Or, en Russie, les mœurs, les traditions, l’instinct populaire répugnent hautement à la restauration d’une classe privilégiée héréditaire. Toute la littérature russe en porte témoignage, bien que cette littérature soit presque tout entière œuvre de nobles, écrite par et pour des nobles. Sur ce point, une fable de Krylof résume d’une façon irrévérencieuse le sentiment national. Des oies, qu’un paysan mène au marché, se plaignent d’être traitées sans égard. disant que leurs ancêtres ont sauvé le Capitole. « Et vous, qu’avez-vous fait ? leur demande un passant. — Nous, rien, mais nos ancêtres… — Eh bien, mes amies, vous n’êtes bonnes qu’à rôtir. » L’antiquité de la race en impose peu au sens positif, au sens réaliste du Russe. Demeuré, en dépit de toutes les divisions de classes, libre de tout esprit de caste, il n’a point pour la naissance le respect instinctif dont est souvent imbu l’Anglais ou l’Allemand.

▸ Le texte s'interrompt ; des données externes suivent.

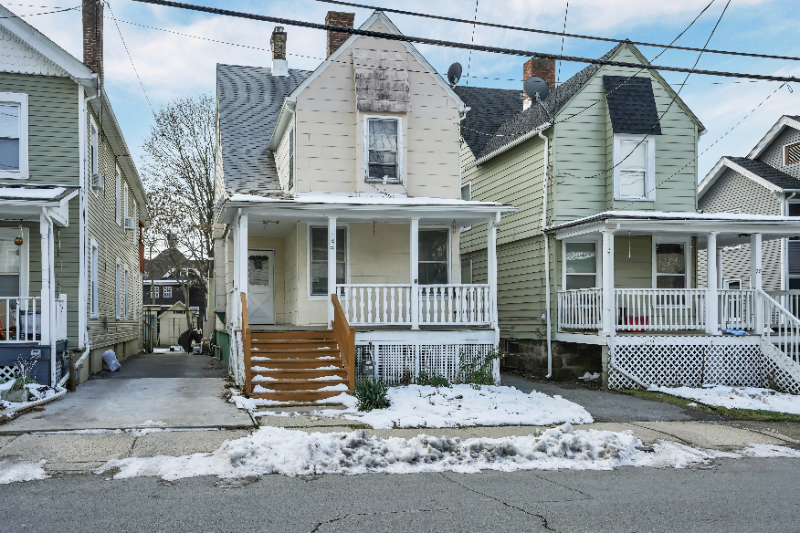 22 Grant St - Photo 2 of 33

En Russie, les promoteurs des idées hiérarchiques font en réalité la même faute que leurs adversaires, les promoteurs des idées radicales. Aristocrates ou démagogues ne font à leur insu qu’imiter et contrefaire l’Occident. Les uns et les autres veulent appliquer aux problèmes nationaux des méthodes et des procédés d’emprunt ; les uns et les autres prétendent habiller leur patrie sur un patron étranger. La grande différence est que les conservateurs aristocrates ont choisi le modèle qui s’adapte le moins aux mœurs nationales et se heurte le plus aux tendances nouvelles de la civilisation. S’il est facile de découvrir, dans les vieilles institutions anglaises ou prussiennes, telle ou telle garantie conservatrice, il est malaisé de dérober à d’autres États, pour sa patrie, ce que la nature ou l’histoire lui ont refusé. Il en est des formes sociales comme du sol, comme de la configuration même d’un pays. En parcourant leurs plates steppes du sud ou leurs forêts tourbeuses du nord, des Russes peuvent se dire que de hautes collines donneraient aux cultures de la variété, et de l’agrément au paysage, que des chaînes de montagnes couvertes de neige serviraient de réservoir aux eaux et de barrière aux vents. Libre à eux de regretter les beautés ou les avantages des contrées plus coupées, plus accidentées, quoique les larges plaines aient leur poésie aussi bien que leur richesse. Sur ce sol déprimé, il ne vient à personne l’idée d’élever des collines et de dresser des montagnes. Telle est cependant la prétention des hommes qui, dans une société dénudée de privilèges et nivelée par les siècles, se flattent de reconstruire des hauteurs escarpées et de creuser des ravins infranchissables, de relever des classes dominantes et de remettre debout privilèges et prérogatives. Le pays du tchine est un pays de peu de relief, un pays plat, au point de vue social comme au point de vue topographique ; c’est une ingrate et inutile besogne que de travailler à y créer ou à y restaurer des inégalités, des aspérités qu’efface le cours naturel des choses.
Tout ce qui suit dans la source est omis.